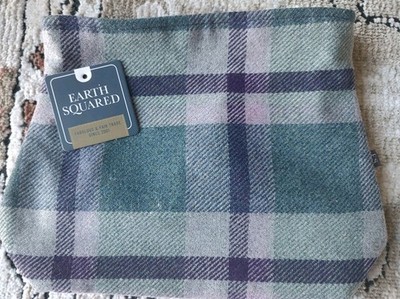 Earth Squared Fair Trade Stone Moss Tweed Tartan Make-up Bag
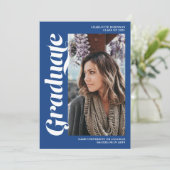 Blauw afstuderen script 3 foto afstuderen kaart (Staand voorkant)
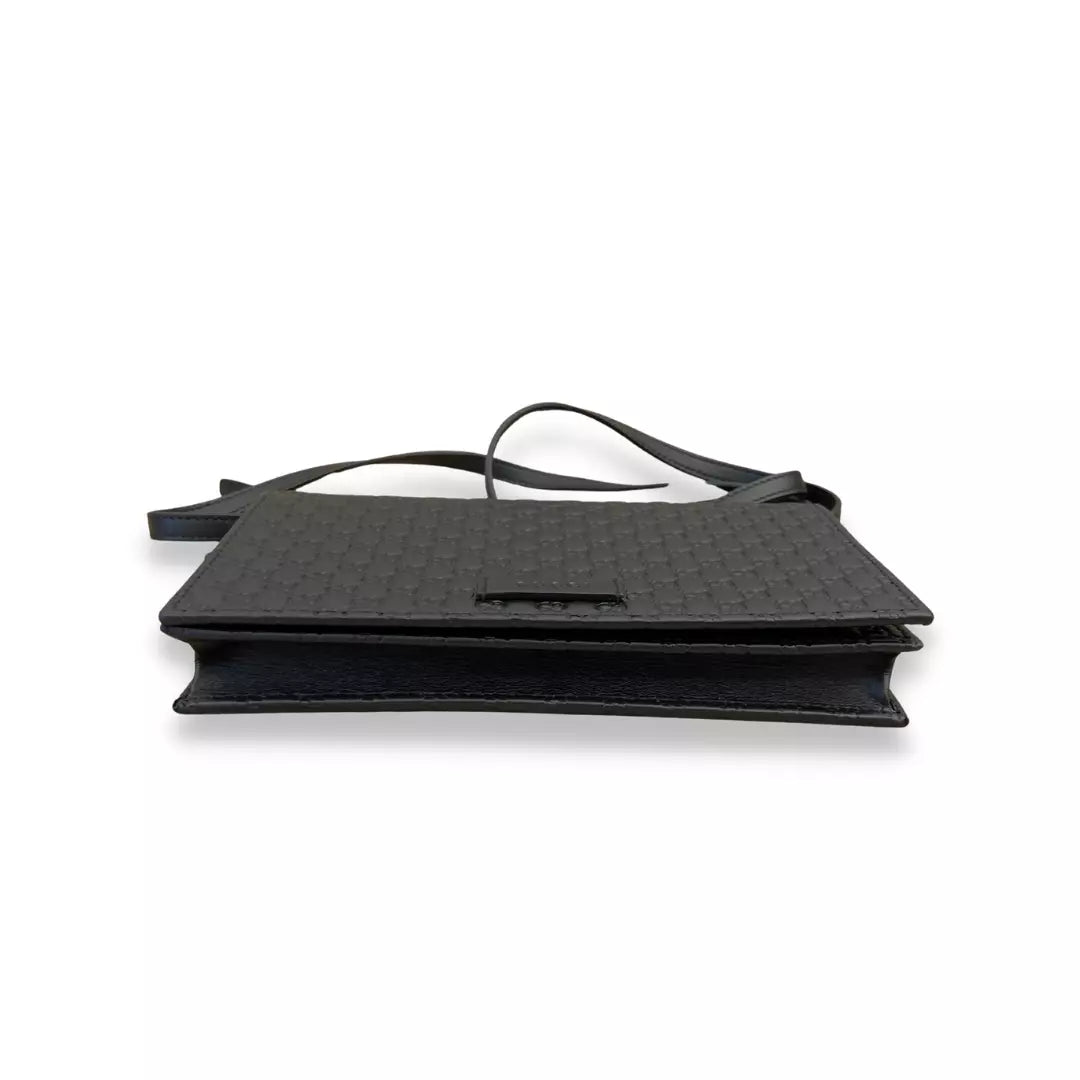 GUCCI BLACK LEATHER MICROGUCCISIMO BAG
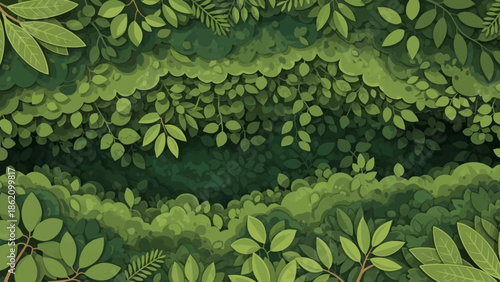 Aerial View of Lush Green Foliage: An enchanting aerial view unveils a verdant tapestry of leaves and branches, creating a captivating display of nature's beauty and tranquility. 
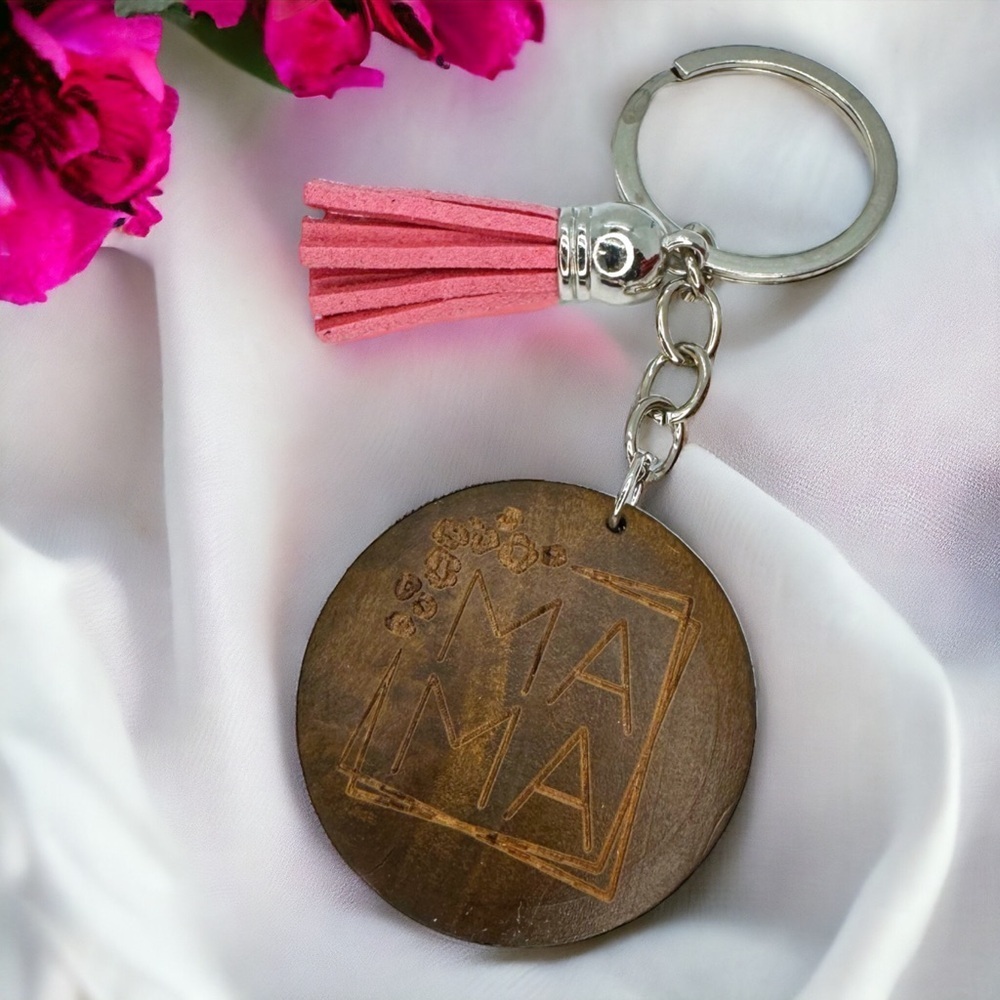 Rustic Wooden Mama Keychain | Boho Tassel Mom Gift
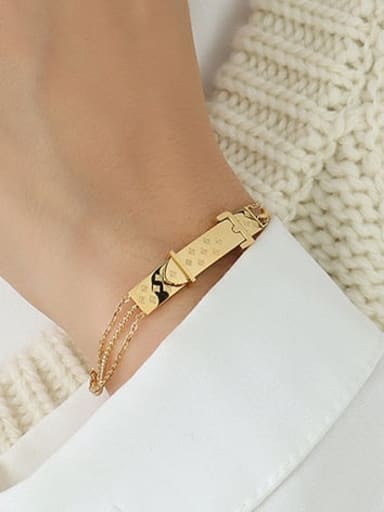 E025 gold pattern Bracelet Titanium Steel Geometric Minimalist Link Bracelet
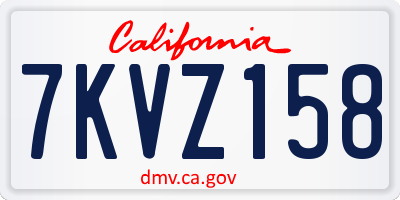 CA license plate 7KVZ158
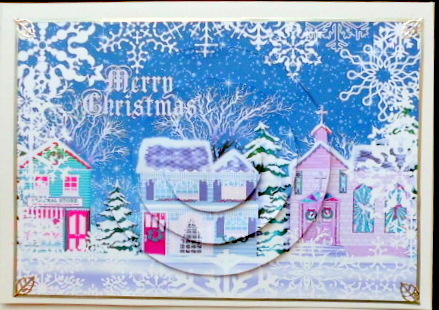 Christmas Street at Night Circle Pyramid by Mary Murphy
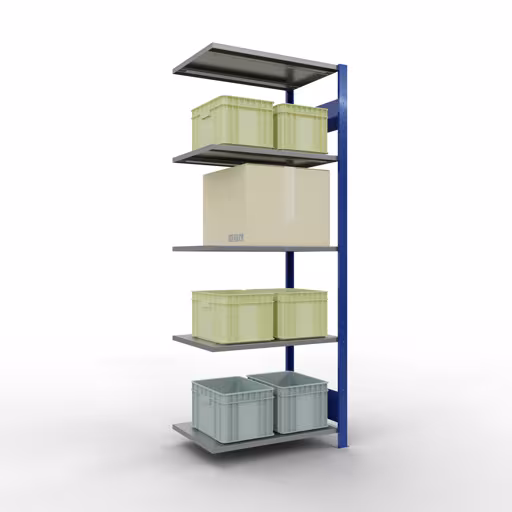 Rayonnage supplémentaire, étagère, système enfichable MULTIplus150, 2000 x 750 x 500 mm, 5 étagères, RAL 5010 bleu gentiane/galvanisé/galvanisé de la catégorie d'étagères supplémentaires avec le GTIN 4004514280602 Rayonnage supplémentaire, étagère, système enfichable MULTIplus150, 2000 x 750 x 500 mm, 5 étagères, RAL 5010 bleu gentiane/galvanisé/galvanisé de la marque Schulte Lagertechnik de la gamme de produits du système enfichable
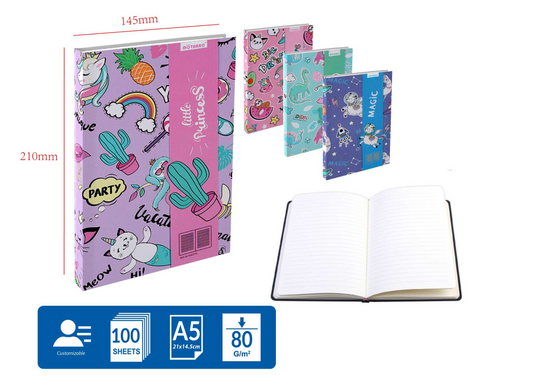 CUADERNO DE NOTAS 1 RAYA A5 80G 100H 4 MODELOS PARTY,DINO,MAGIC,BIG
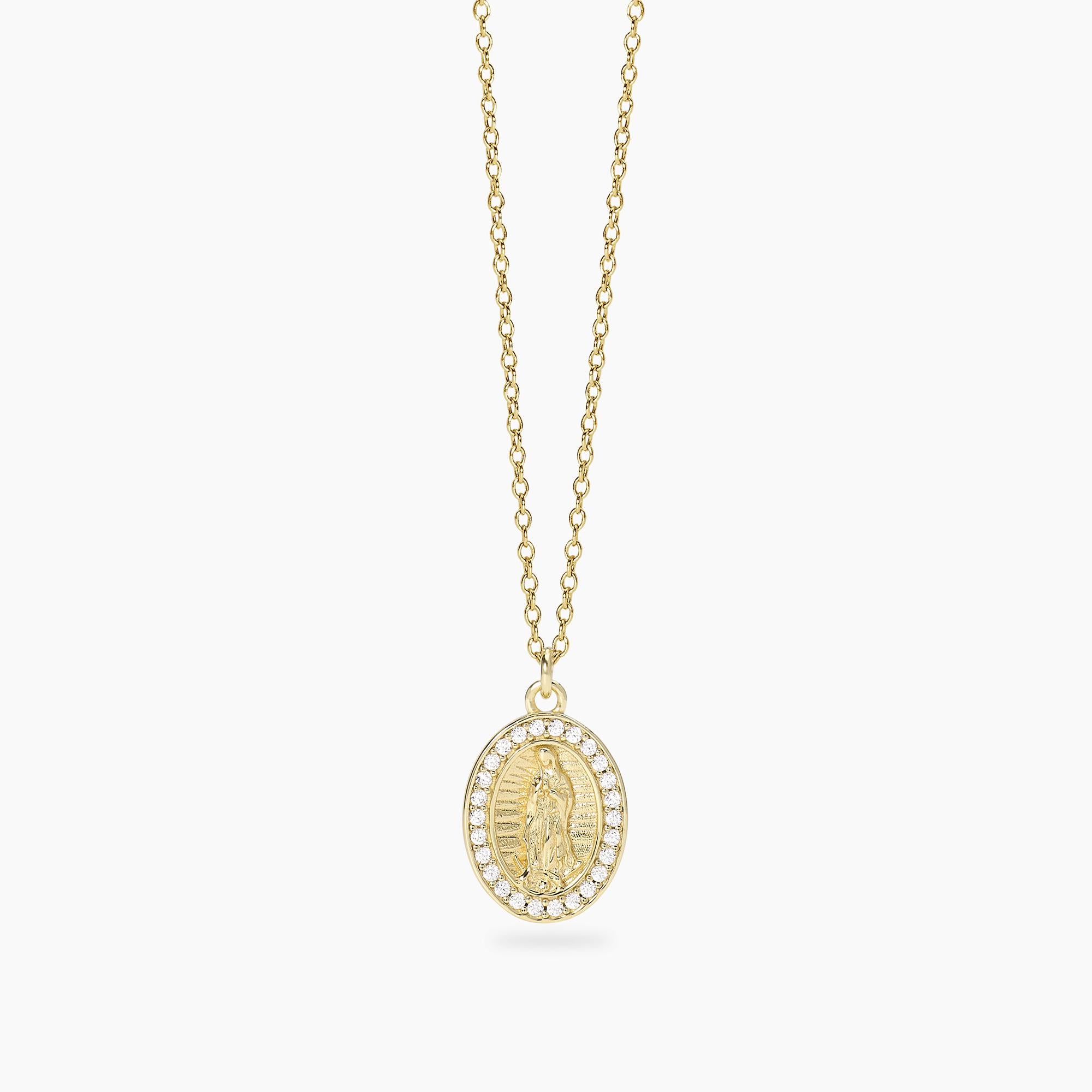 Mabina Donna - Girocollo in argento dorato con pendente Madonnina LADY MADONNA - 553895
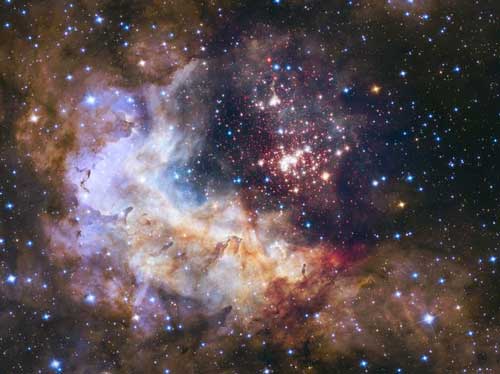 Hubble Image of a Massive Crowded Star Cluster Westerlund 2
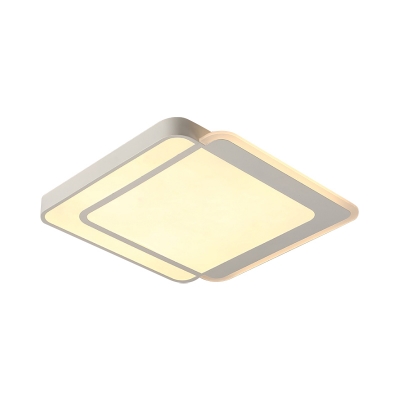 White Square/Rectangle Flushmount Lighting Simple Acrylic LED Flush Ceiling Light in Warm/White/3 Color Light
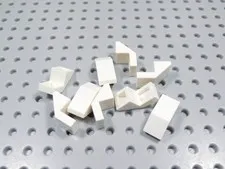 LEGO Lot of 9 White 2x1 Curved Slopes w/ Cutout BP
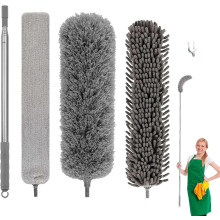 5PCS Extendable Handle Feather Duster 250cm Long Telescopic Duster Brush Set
· · · · ·
Required work: Leave the pictures out, and transcribe exactly the lines above starting at the one that contains "Blauw afstuderen script" and ending at the one that contains "Christmas Street at".

Output:
 Blauw afstuderen script 3 foto afstuderen kaart (Staand voorkant)
 GUCCI BLACK LEATHER MICROGUCCISIMO BAG
 Aerial View of Lush Green Foliage: An enchanting aerial view unveils a verdant tapestry of leaves and branches, creating a captivating display of nature's beauty and tranquility. 
 Rustic Wooden Mama Keychain | Boho Tassel Mom Gift
 E025 gold pattern Bracelet Titanium Steel Geometric Minimalist Link Bracelet
 CA license plate 7KVZ158
 Christmas Street at Night Circle Pyramid by Mary Murphy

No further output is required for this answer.